* **Dataset excerpt**
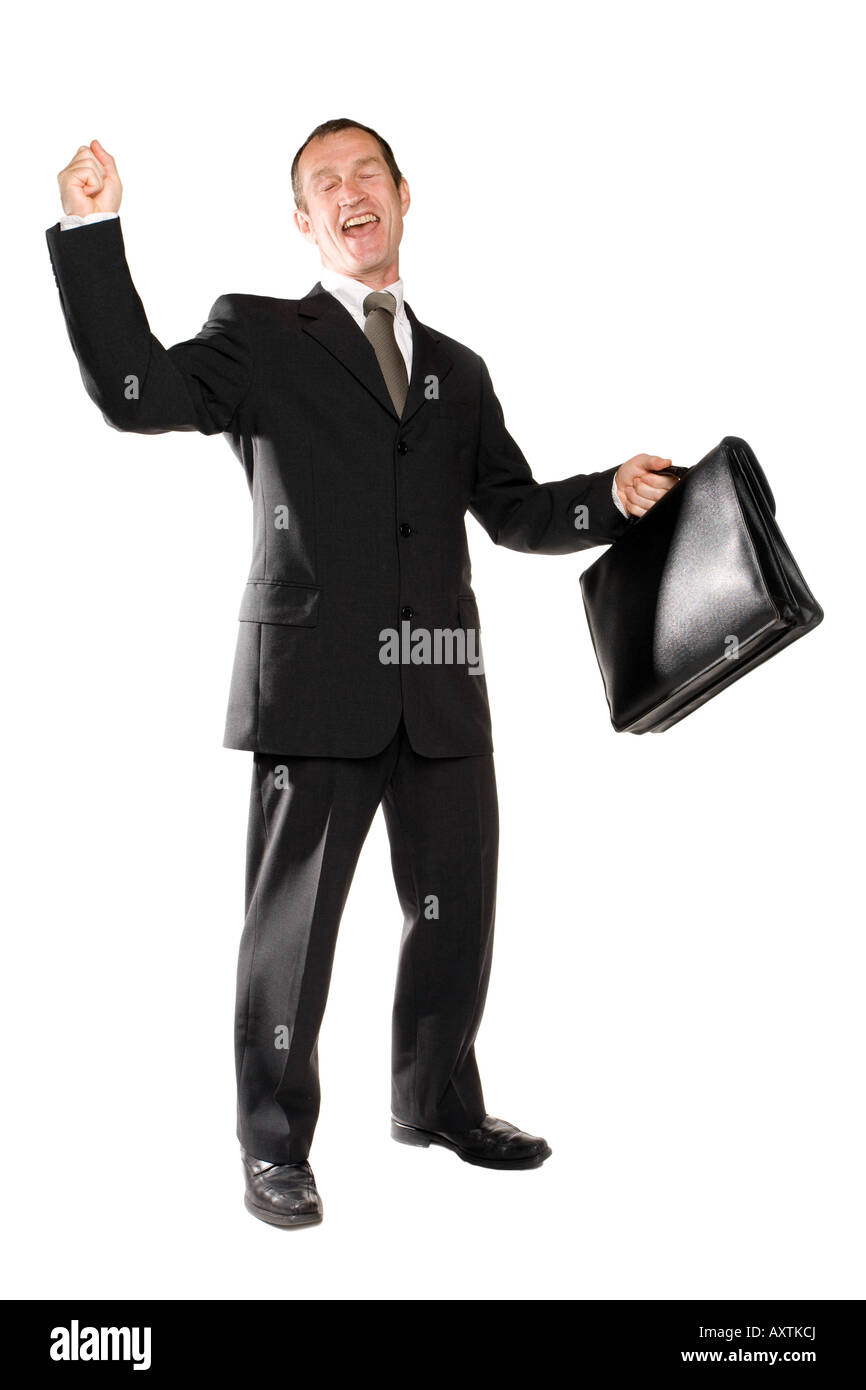Hombre de negocios de pie en un traje negro levantando su puño debido a un éxito. Está feliz de su logro. El fondo es blanco puro. Foto de stock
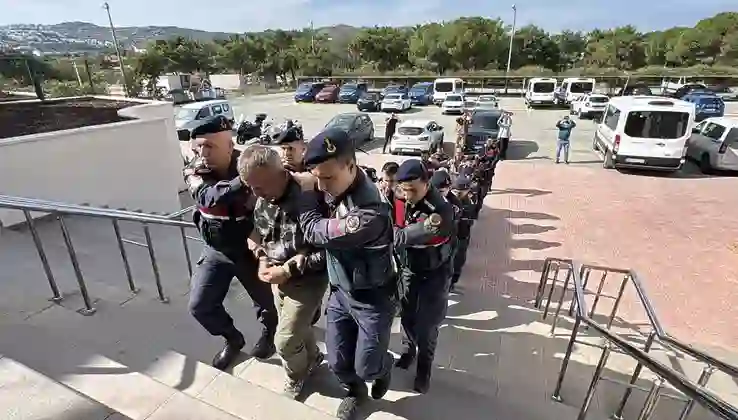 8’i FETÖ üyesi 9 şüpheli lastik botta yakalandı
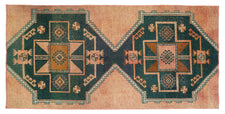 Vintage Turkish Rug Kolvin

* **Exercise requirements**
Set down all of the material word for word, minus its pictures.

* **Task response**
Hombre de negocios de pie en un traje negro levantando su puño debido a un éxito. Está feliz de su logro. El fondo es blanco puro. Foto de stock
 8’i FETÖ üyesi 9 şüpheli lastik botta yakalandı
 Vintage Turkish Rug Kolvin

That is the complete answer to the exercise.